I ricercatori del team Google Project Zero hanno da pochi giorni annunciato la scoperta di una nuova vulnerabilità in grado di colpire gli utenti con smartphone Android. Nel dettaglio il bug risiede nei chipset WiFi prodotti da Broadcom, un componente presente in numerosi dispositivi con sistema operativo del robottino verde e su tutti gli smartphone Apple a partire dall'iPhone 4.

Come spiegato dagli esperti informatici di Google Project Zero, il bug in questione può essere utilizzato da un hacker per prendere il controllo del device tramite rete WiFi, senza alcuna autorizzazione da parte del proprietario. Avvisati dalla vulnerabilità, i produttori di smartphone si sono subito attivati per risolvere il bug: Apple ha fixato il problema con l'aggiornamento del sistema operativo iOS 10.3.1 mentre il team di Big G ha rilasciato un update lo scorso 5 aprile per i dispositivi Nexus.

Tra gli smartphone che utilizzano il componente hardware di Broadcom troviamo i Nexus 5/6/6P, i Samsung Galaxy e tutti i device Apple a partire dall’iPhone 4. Il malintenzionato che intendere eseguire l'attacco tramite questo bug deve necessariamente conoscere l’indirizzo MAC dello smartphone e collegarsi alla stessa rete WiFi, dettaglio che implica che il cyber criminale deve trovarsi nelle vicinanze della vittima.
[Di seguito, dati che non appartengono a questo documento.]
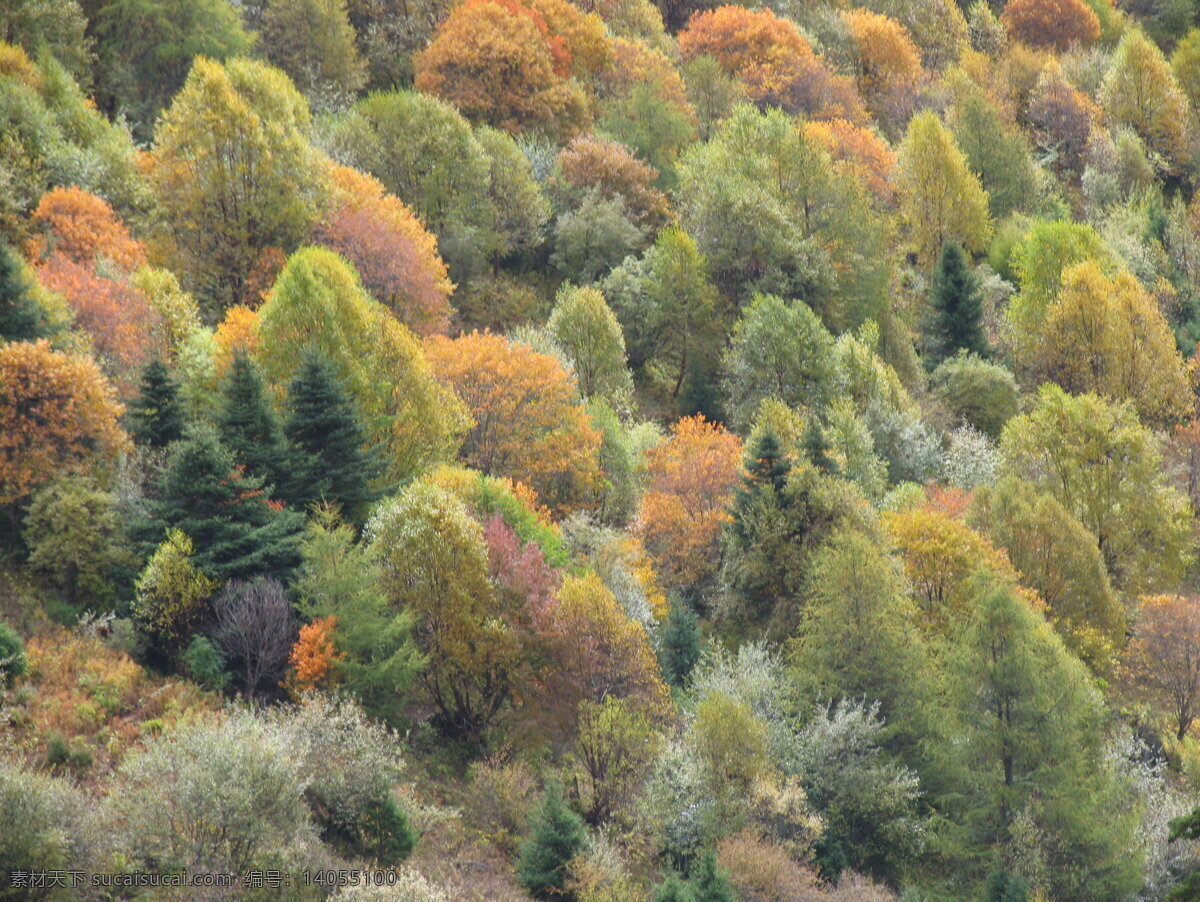 西藏 色 季 拉山 风景 西藏林芝 色季拉山山腰 蓝天白云 雪山 五颜六色的 美丽 树林 一年四季 齐集 一山 山顶是冬天 山腰是秋天 山脚是春天 自然风景 自然景观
Stando ai ricercatori del team di Mountain View i responsabili di Broadcom non hanno adottato alcuna misura di sicurezza per prevenire attacchi hacker al SoC WiFi, nemmeno le azioni più comuni come stack cookies, safe unlinking e access permission protection. A rischio sono soprattutto gli smartphone Android meno recenti che non riceveranno la patch di sicurezza necessaria a bloccare la vulnerabilità.